O advogado dos produtores, José Roberto Botino, contestou afirmando que não havia proibições às queimadas da forma como haviam ocorrido e pediu que o promotor fosse incluído como parte do processo. Por fim, requereu que, caso sua tese fosse vencedora, o promotor deveria ser obrigado a pagar seus honorários. O juiz de Jaboticabal indeferiu o apelo do advogado, apesar de julgar a ação improcedente. O promotor recorreu junto ao Tribunal de Justiça do Estado de São Paulo e sua ação também foi julgada improcedente, porém, o TJ acolheu o pedido do advogado e em decisão divulgada em fevereiro do ano passado condenou o MP a pagar os R$ 3 mil de honorários do advogado dos produtores.

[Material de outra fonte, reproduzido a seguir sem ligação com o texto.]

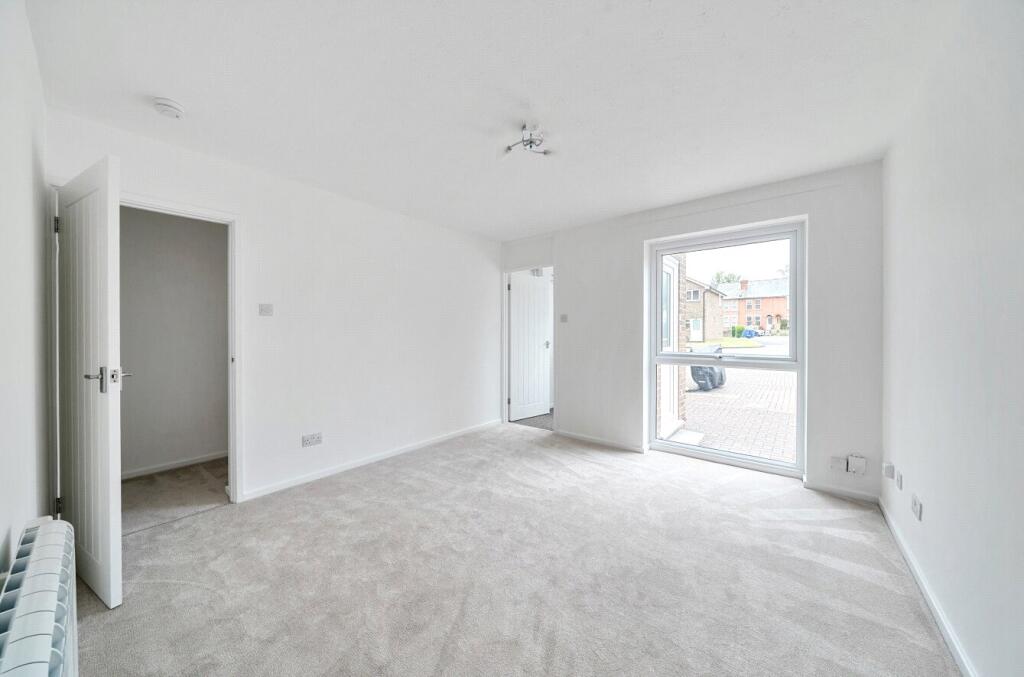 1309760-5-684aac7...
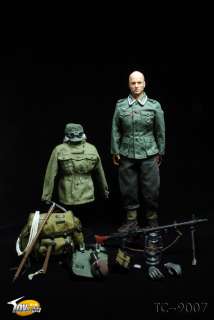 WWII German Mountain Troop MG 34 Gunner Figure by Toys City TC 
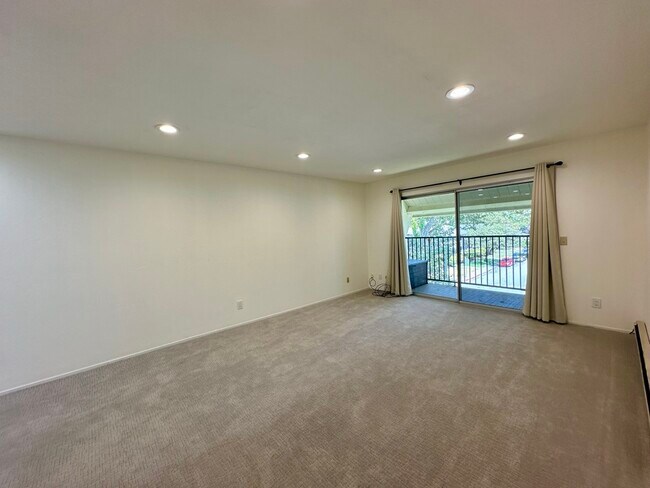Foto del edificio - 1750 Halford Ave
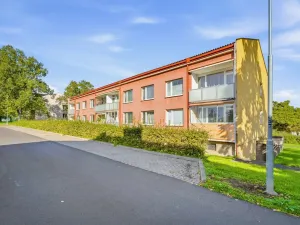 Prodej bytu 2+1, Hoštka, Lužická, 68 m2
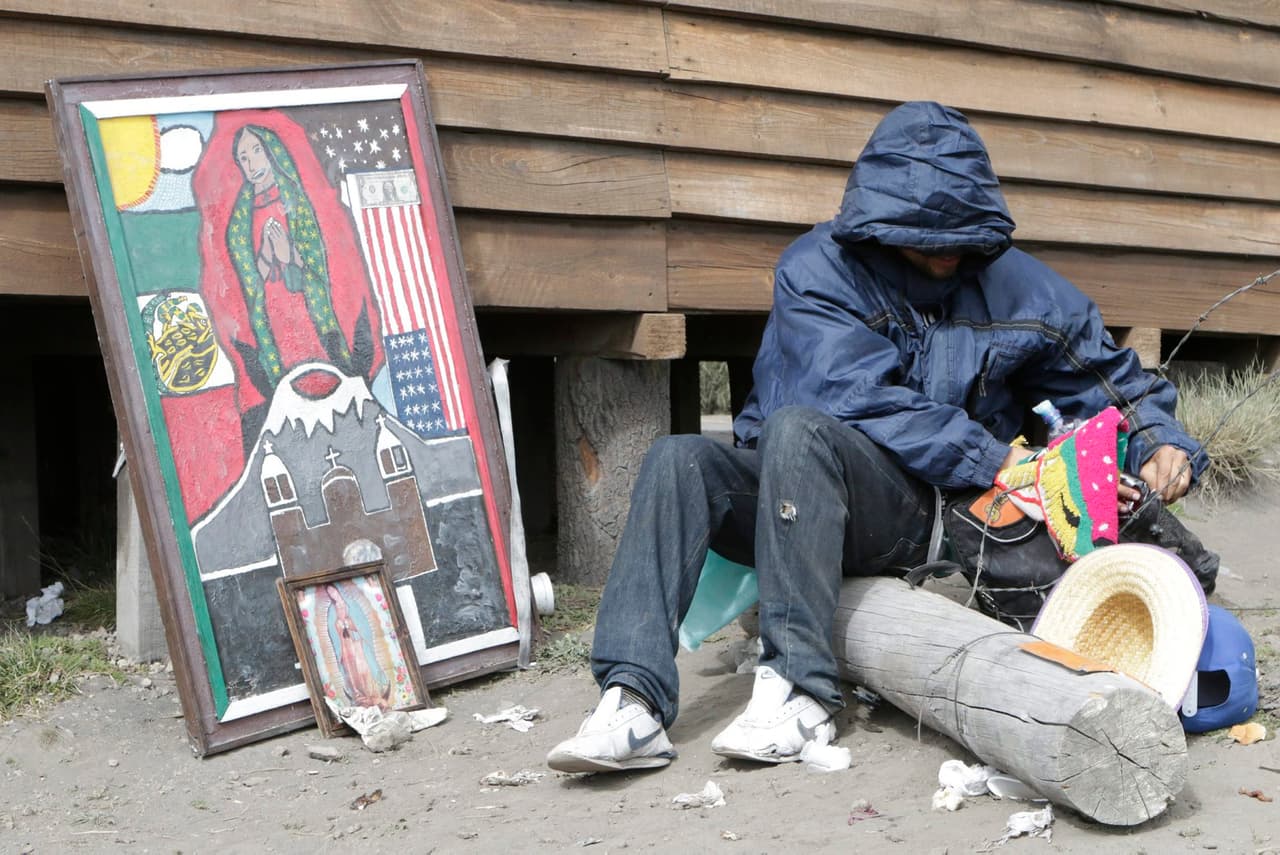 Este fiel católico sale de Puebla rumbo a la Basílica de Guadalupe en el DF.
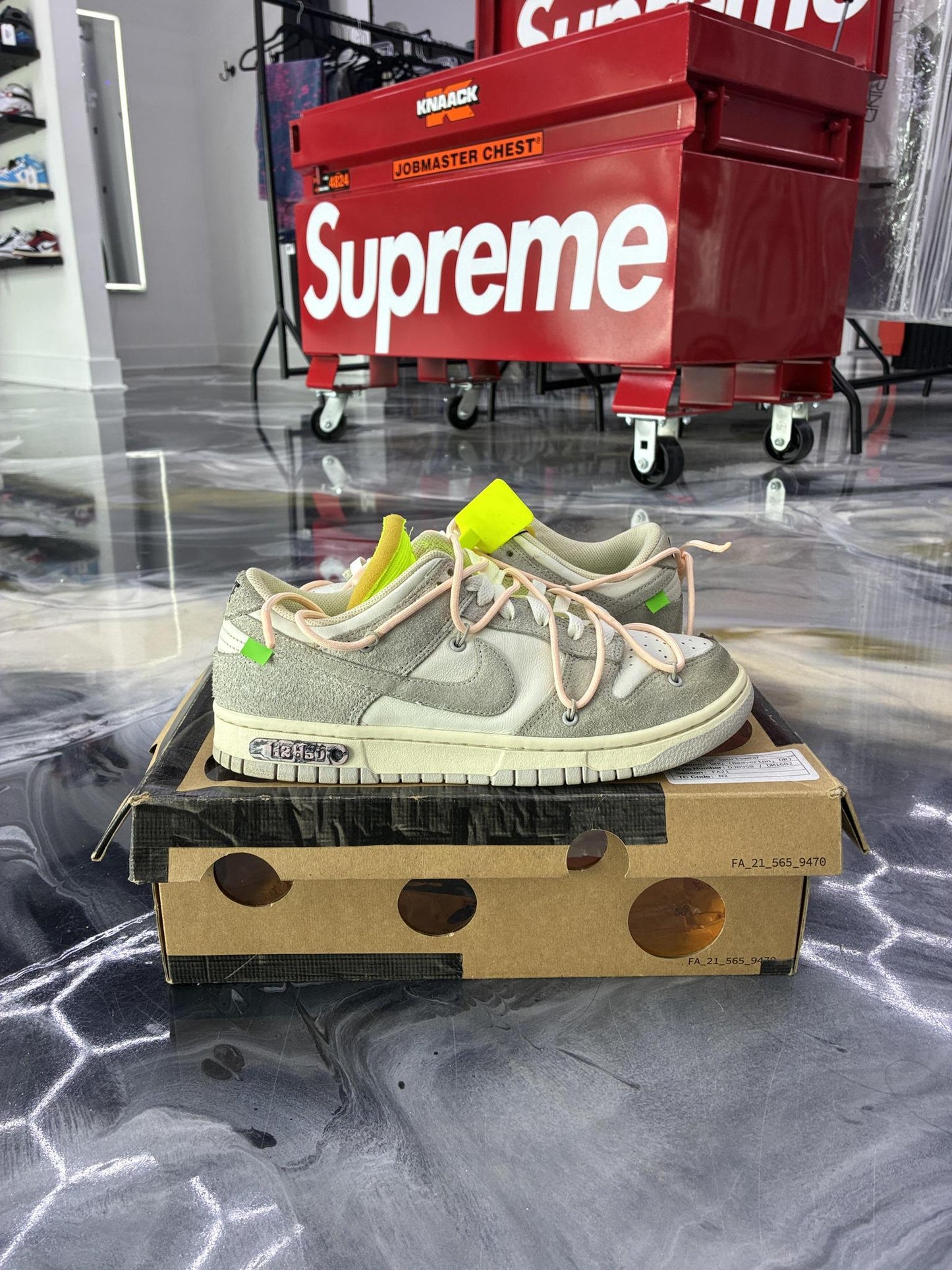 Nike Dunk Low X "Off White Lot 12" Used Size 9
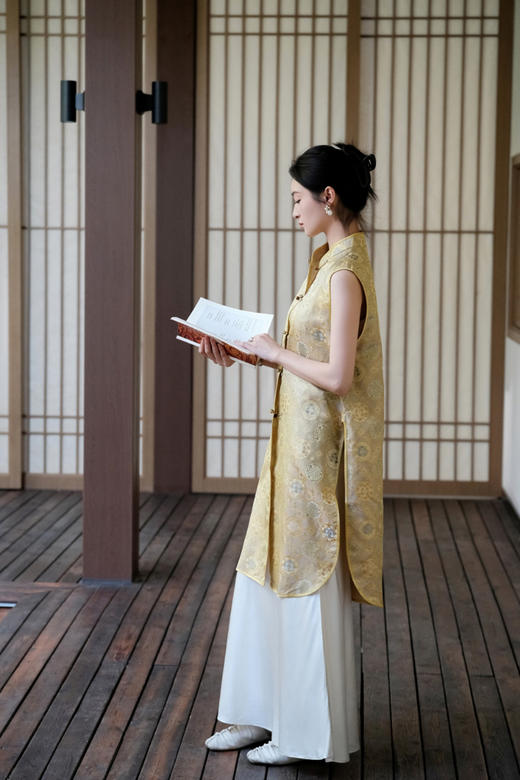 盛唐婧 |真丝宋锦花罗圆形花卉长马甲 商品图3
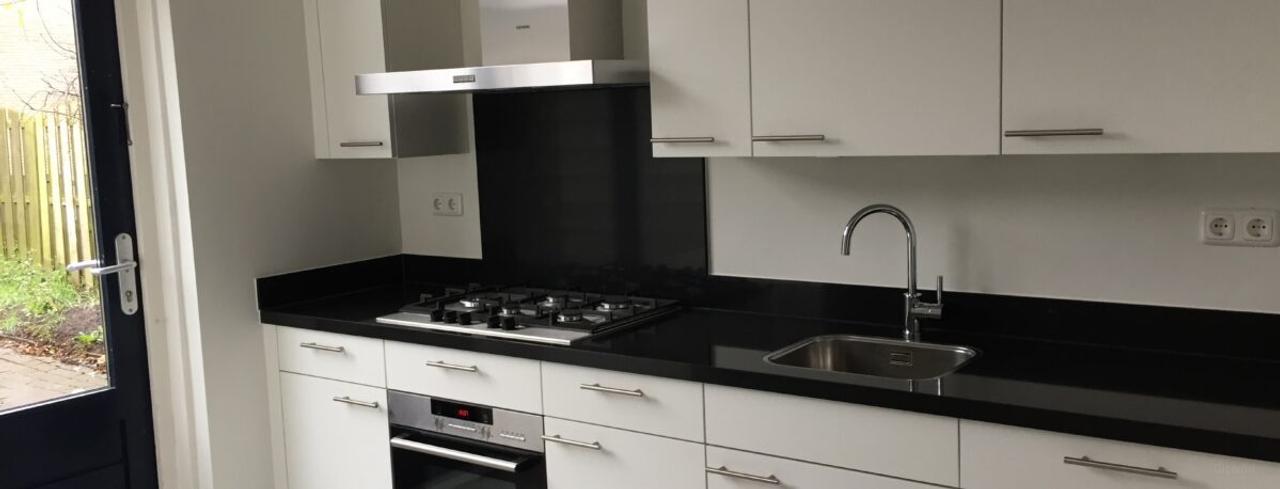 121 m² woonhuis met vier slaapkamers en label A - Afbeelding 4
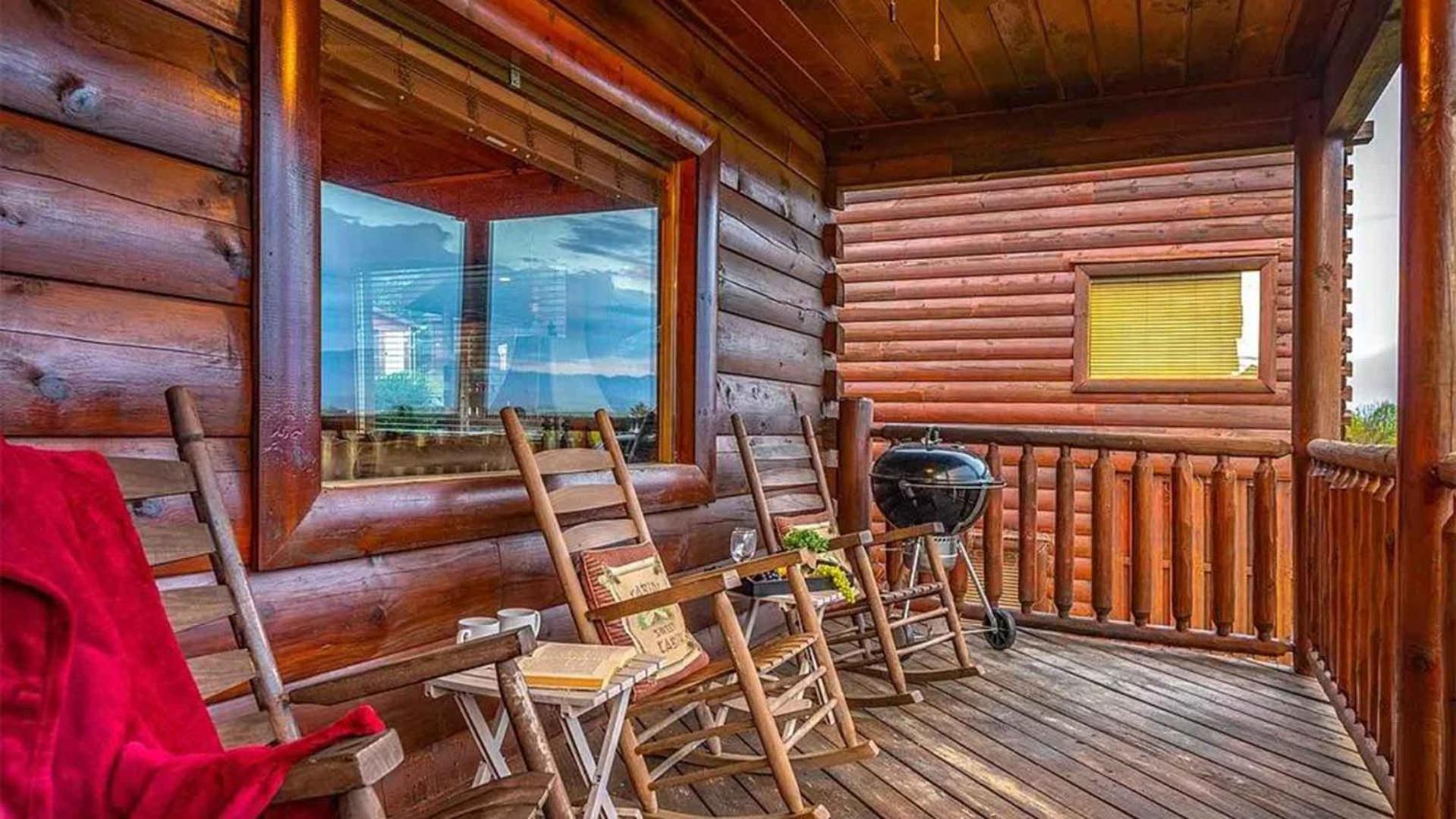 New Majestic 5 Star Amazing View, Pool, Hot Tub! *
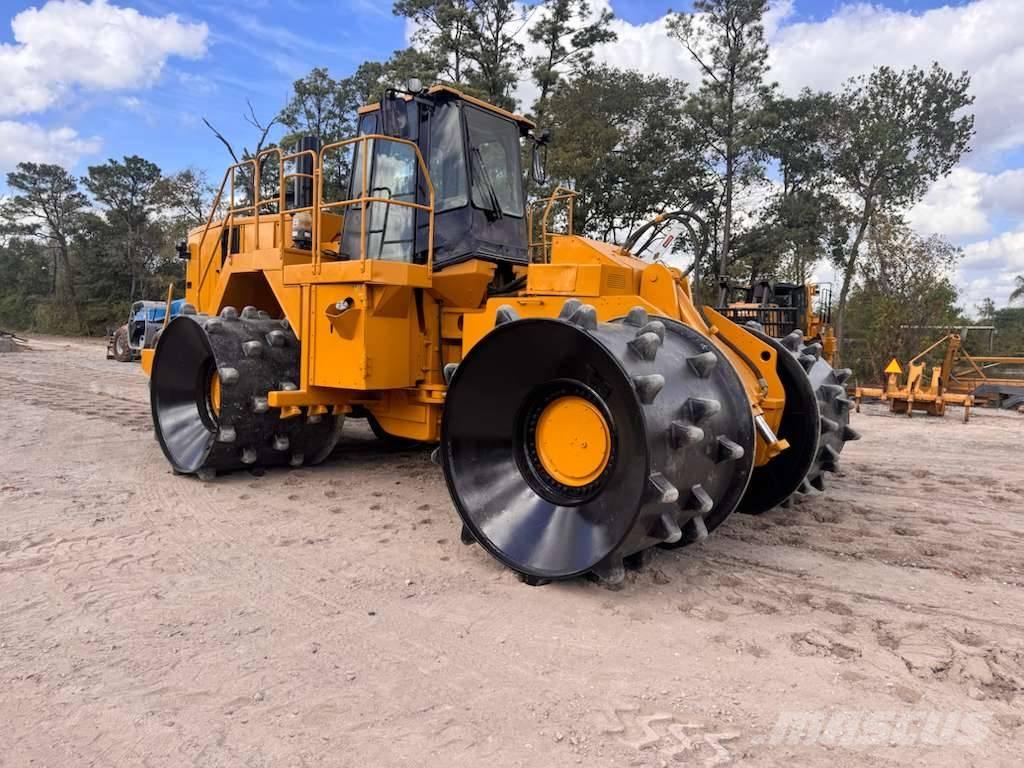 CAT 836 G Compactoare deseuri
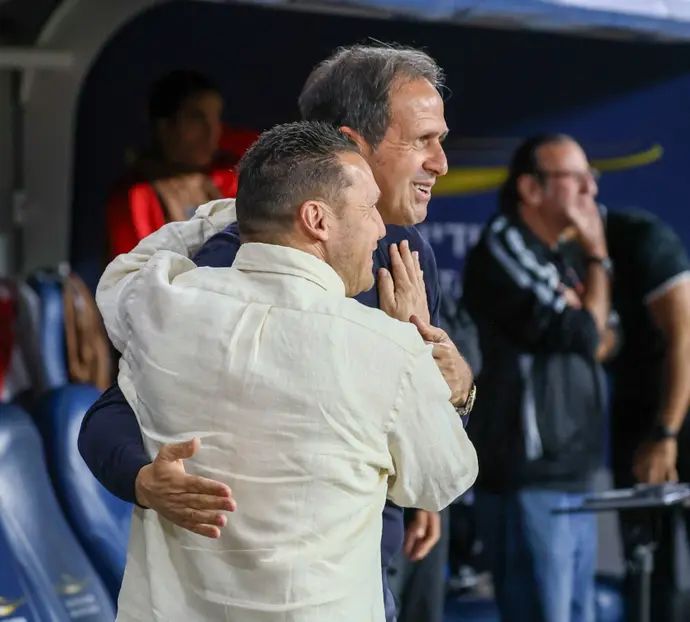 רוני לוי מאמן הפועל חיפה עם ברק בכר מאמן מכבי חיפה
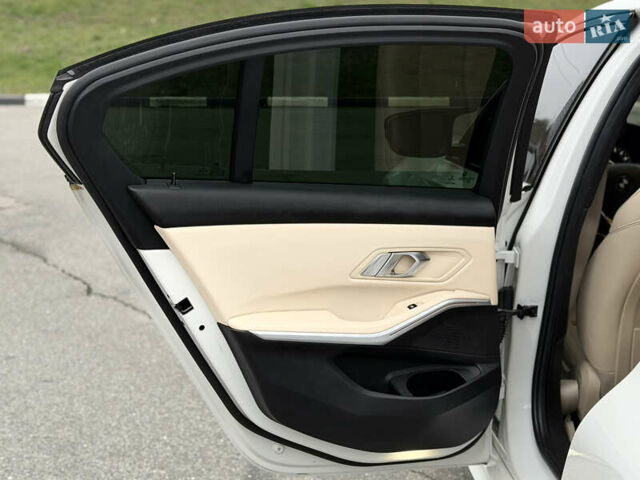 Білий БМВ 3 Серія, об'ємом двигуна 2 л та пробігом 64 тис. км за 25900 $, фото 19 на Automoto.ua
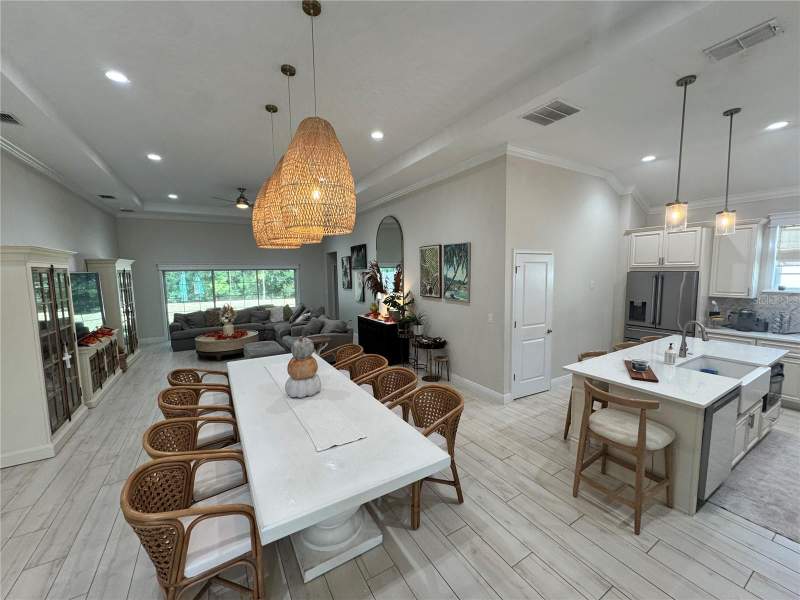 4 bedroom Single Family Residence at 4783 NE 125th Loop, Densan Park Ph 1, Oxford — photo 2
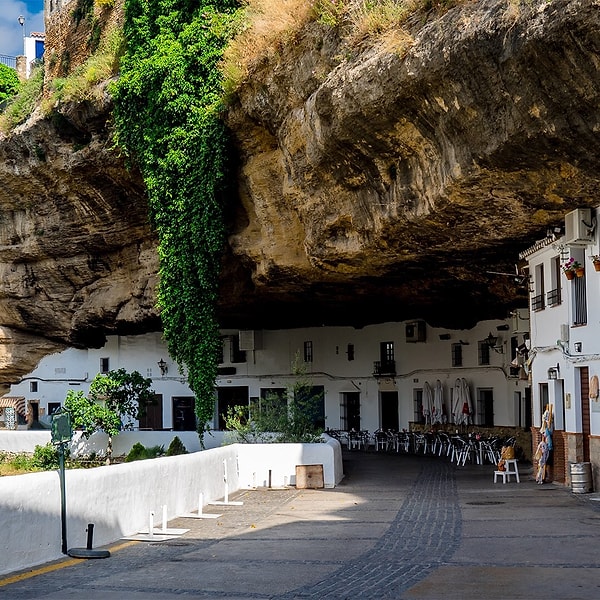 2. Setenil de las Bodegas, İspanya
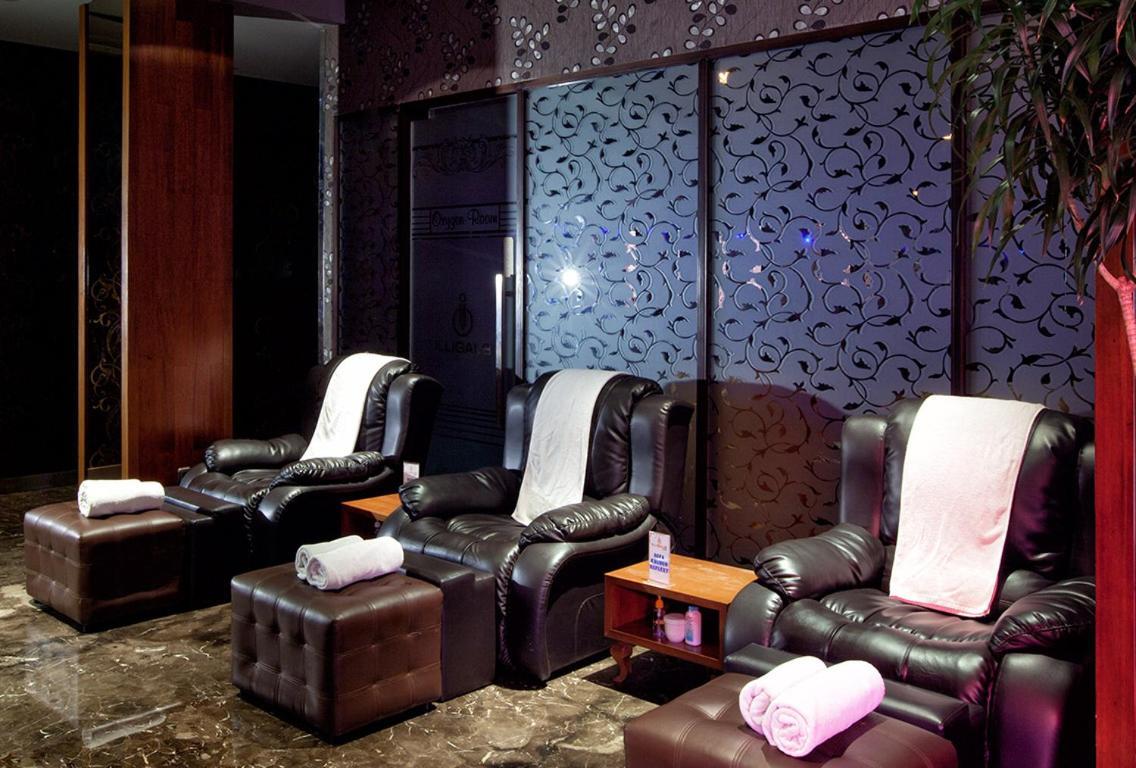 ג'קרטה 108 Hotel By Him מראה חיצוני תמונה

Até então, o MP esteve isento de pagar honorários, benefício garantido pela Constituição. Em apenas dois casos isolados, em Santos (SP) e em uma cidade gaúcha, a promotoria foi obrigada a arcar com estes custos. Esses dois casos, no entanto, não chegaram à instância superior. Para o advogado dos produtores, a decisão do STJ pode criar jurisprudência. "O promotor ainda teria como recorrer junto ao Supremo (Tribunal Federal), mas perdeu o prazo e a decisão pode servir como "brecha" para outros advogados exigirem que a promotoria faça parte da ação", disse.
Segundo ele, apesar do valor ser irrisório, o julgamento do STJ vai acarretar ônus aos cofres públicos. "Isso fará com que a promotoria tenha maior responsabilidade ao impetrar ações", afirmou Botino. Goulart não atendeu a Agência Estado para comentar a decisão do tribunal. Advogados consultados disseram temer que a sentença passe a inibir a ação do Ministério Público, apesar de realçarem a importância do fato em termos jurídicos.